Microwave assisted synthesis of monodispersed Y2O3 and Y2O3:Eu3+ particles

Abstract

Monodisperse spherical Y2O3 and Y2O3:Eu3+ nanocrystalline particles with particle size between 100nm and 350nm were successfully prepared by microwave assisted urea precipitation method followed by a thermochemical treatment. Fast microwave heating, controlled decomposition of urea and burst nucleation of metal ions in aqueous solution led to the formation of non-aggregated spherical particles with narrow size dispersion. The particle size and size dispersion was controlled by adjusting the urea/metal ions ratio, the metal ions concentration, the reaction time and the temperature. X-ray diffraction (XRD) analysis indicated that the as prepared particles have Y(OH)CO3 composition, which converted to highly crystalline cubic Y2O3 after calcination at temperatures above 600°C. The calcined Y2O3 particles preserved the spherical morphology of the as prepared particles and exhibited polycrystalline structure.

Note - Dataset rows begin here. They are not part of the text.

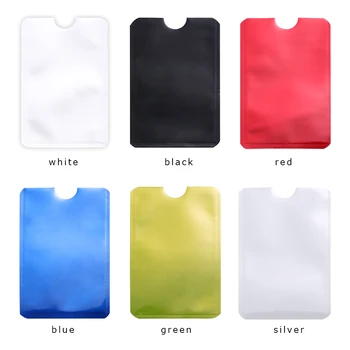 10 Pcs/Pack Anti Rfid Blocking Card Holder Anti-theft Reader Lock Bank ID Case Smart Safety Protection Metal Credit Card Holder
10 Pcs/Pack Anti Rfid Blocking Card Holder Anti-theft Reader Lock Bank ID Case Smart Safety Protection Metal Credit Card Holder
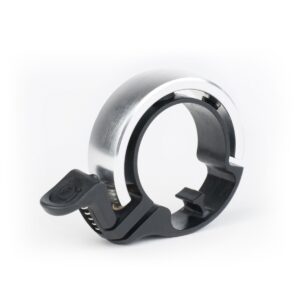 Ringeklokke Knog Oi Classic Large silver Ringklokke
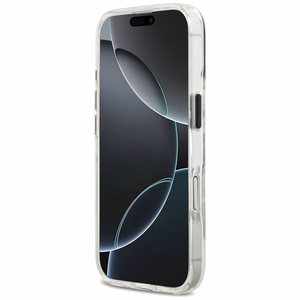 Karl Lagerfeld IML Karl Sketch Logo MagSafe Suojakuori iPhone 17:lle - Läpinäkyvä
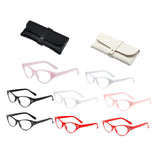 Maxbell 8Pcs Cat Rhinestone Glasses Retro 50S 60S Old Lady Glasses for Women Holiday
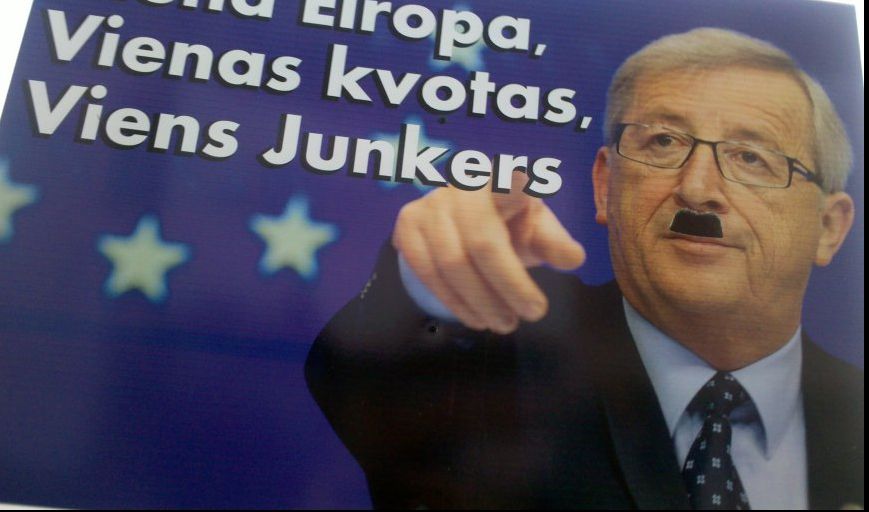 Criza refugiaţilor. Preşedintele Comisiei Europene, comparat cu Adolf Hitler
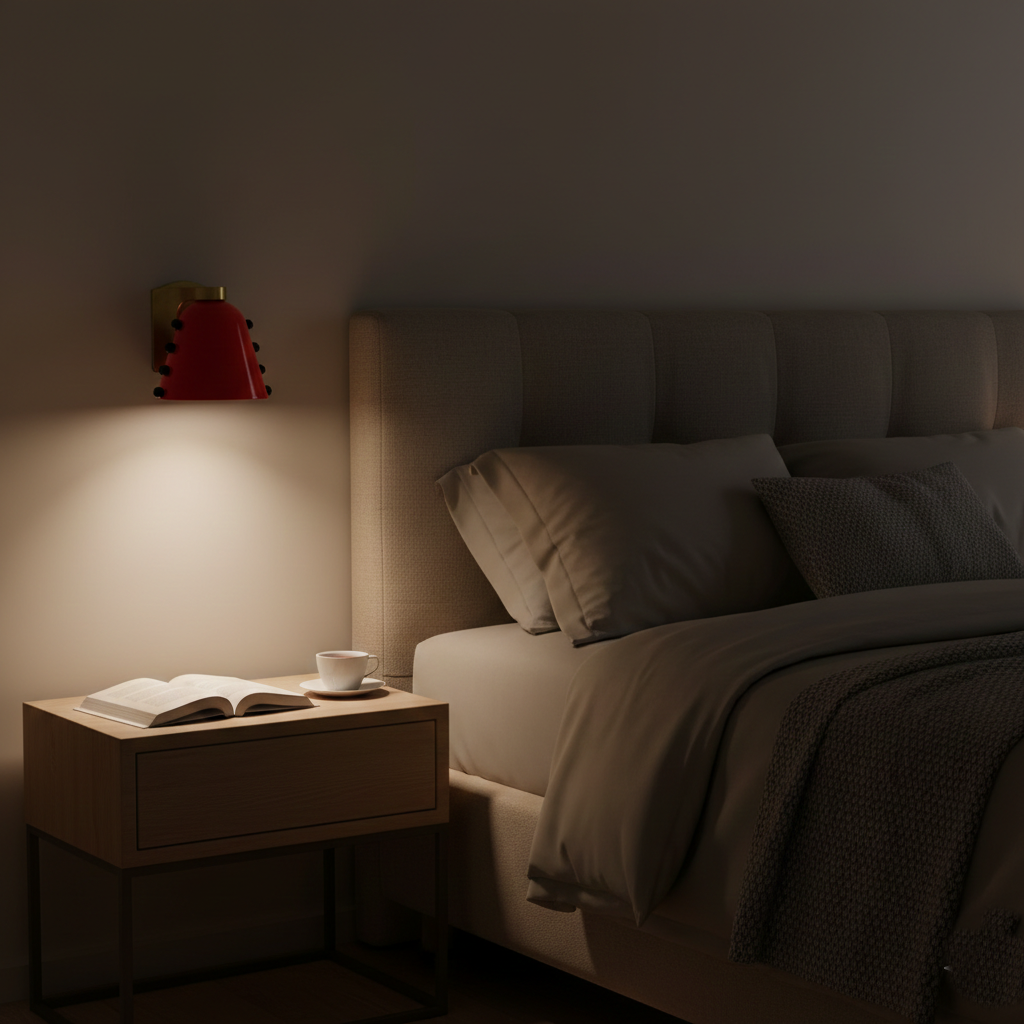 Makki Moderne Keramik Minimalistische Wandleuchte | Souliia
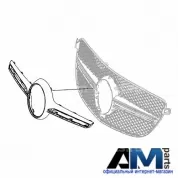 Накладка решетки радиатора A29288801239982 Mercedes GLE-Coupe C292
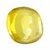 Natural Yellow Sapphire  Oval Shaped  7.06 Cts (LAB Certified)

The size of the crystallites increased from ~8nm to ~37nm with the increase of the calcination temperature from 500°C to 900°C. In order to transform these nanostructures to luminescent composition, Eu3+ doping has been performed. Y2O3:Eu3+ particles inherited the morphology and polycrystalline structure of the host Y2O3 particles. Photoluminescence (PL) analysis of Y2O3:Eu3+ particles showed a strong red emission peak at 613nm corresponding to 5D0–7F2 forced electric dipole transition of Eu3+ ions under UV excitation. All these critical characteristics, and being heavy-metal free, make these particles useful for bioimaging, and display devices.